Expected growth in GDP is “well below the long-term potential growth rate” and may even be negative on a per capita basis, as the population increases, Credit Suisse economists said.
However, they expect immigration will continue to be strong, while negative inflation is boosting purchasing power and favourable lending rates are having a “stabilizing effect”.
As a result, Credit Suisse does not expect Switzerland will fall into a recession in 2016.
The bank said that negative interest rates (minus 0.7 percent on large deposits) introduced at the beginning of the year by the Swiss National Bank in a bid to prevent the franc from appreciating further in value are beginning to have the intended impact.
Foreign banks, in particular, have reduced their holdings of francs, Credit Suisse said.

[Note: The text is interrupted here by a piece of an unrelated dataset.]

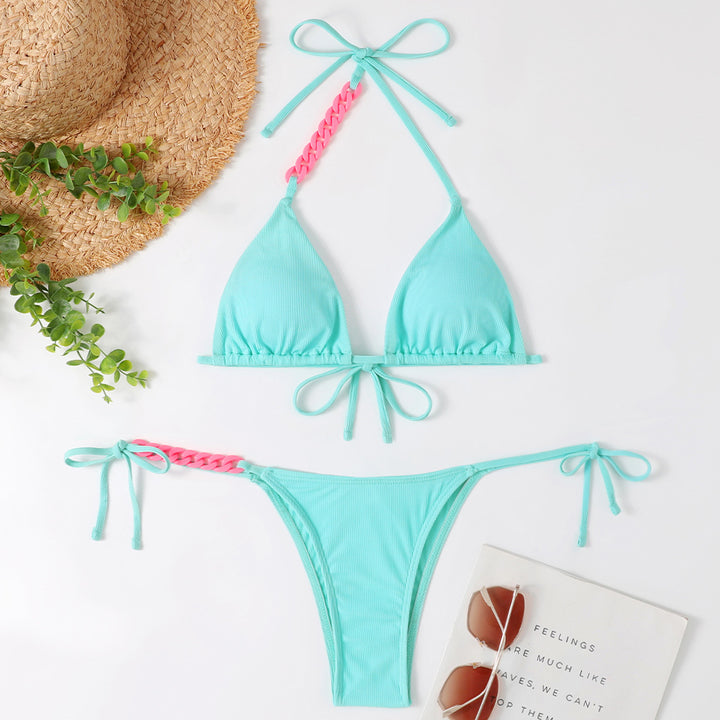 Dame Triangel-Bikini med flettede detaljer og justerbare stropper Stilla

But the “severe shortage” of investment opportunities is leading to a rise in “high-yield real estate investment,” it said.
Negative interest rates are also lowering financing costs for the government, which is gaining around one billion francs annually in lowered spending.
But the rates are also creating risks in the funding of pensions, which could ultimately end up putting a burden on the government.
And they are weakening profitability in the financial sector, the report says.
For a variety of reasons, though, Credit Suisse said it expects low interest rates are likely to persist in the next year.